Understanding and using appropriate prepositions of place and motion are often difficult for ESL students to grasp and it takes time for them to become comfortable with these types of words. They become confused when there are a host of similar prepositions and often need plenty of help and clarification. As is often the case, visualization is a key element to learning and can make the process much easier and enjoyable for students and teacher alike. I have included three games which make the process of learning prepositions fun for all parties. Here we go:
- Exercise 1: Preposition Tree
- Teacher draws a nice big tree on the board. Next teacher asks students to call out items which are specific to trees. If a student yells, “bird”, draw a bird somewhere on the tree and ask the class where it is. Obviously, the answer should be that, “the bird is in the three.” Try a number of these exercises until they become comfortable with the use of the prepositions of place. Draw a boy sitting under the tree eating an apple. Ask, “where is the boy?” and when they get this right, ask, “now where is the apple?” It becomes slightly more difficult. The possibilities here are limitless and it gives the kids the opportunity to visualize the meaning of individual prepositions, providing them with the know how to differentiate them and use them accurately. You can even have students come to the front of the class to draw their own ideas. A student might draw a cow on top of the tree. Although not an accurate representation of a cow’s niche, it will still afford the opportunity for students to say, “the cow is on (or on top of) the tree,” improving their use of prepositions of place.

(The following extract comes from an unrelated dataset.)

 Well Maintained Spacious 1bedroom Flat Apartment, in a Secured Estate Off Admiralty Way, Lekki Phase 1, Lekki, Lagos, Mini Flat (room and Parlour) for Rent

- Note 1: If time allows, it might also be fun to construct a tree – make it a class project – and have the students attach little figures, birds, critters, people, etc at various places in and around the tree and have them come up with the appropriate prepositions.
- Note 1: Teaching negatives. If the boy is under the tree, help the students learn where the boy isn’t. “He is under the tree, so he isn’t….” Wait for the answer.
- Exercise 2: Preposition Street
- Prepositions of motion present another challenge to teachers because they have to find a way to explain how things move, within the confines of the classroom. There are number of classic tactics, but a personal favorite is to draw a large city street, complete with some parked cars, traffic, buildings and people. Draw someone getting into or out of a car and ask, “what is he/she doing?” Eventually, someone will say that the man/woman is getting into/out of his/her car, or getting on/off the bus. Next, focus on pedestrians. Look at two people walking past each other and ask, “what are they doing?” Give praise when the class replies that, “they are walking past each other.” As was the case with the tree, the possibilities are limitless and only bound by one’s imagination. Like the preposition tree, when students become more comfortable, call them to the front of the class and have them draw their own ideas.
- Exercise 3: Preposition “I spy with my little eye”
- This is a pretty straight forward game but may require some explanation if the students are not aware of how to play I Spy. Once this has been made clear, the teacher picks an object in a room – for example the door – and says, “I spy with my little eye something that is rectangular/square/red/whatever. Students try to decipher the answer by asking questions with prepositions: For example, is it next to the window? No it isn’t, or yes it is. Once a student guesses the correct object, it is his/her turn to look around the room and “spy” an object for the rest of the class to discover.
- Learning prepositions is a key element to the development of a student’s language skills. They are often thought of as boring, which is in part why students often have such a hard time with them. They don’t enjoy learning about them and therefore don’t learn them as well as other language elements. Makes sense I think. However, with these and other games, students will see that prepositions can be fun and they will want to learn. As already stated, they are an essential component of fluent speech and by using creative means to teach them, you may find that you enjoy teaching prepositions as much as students enjoy learning them.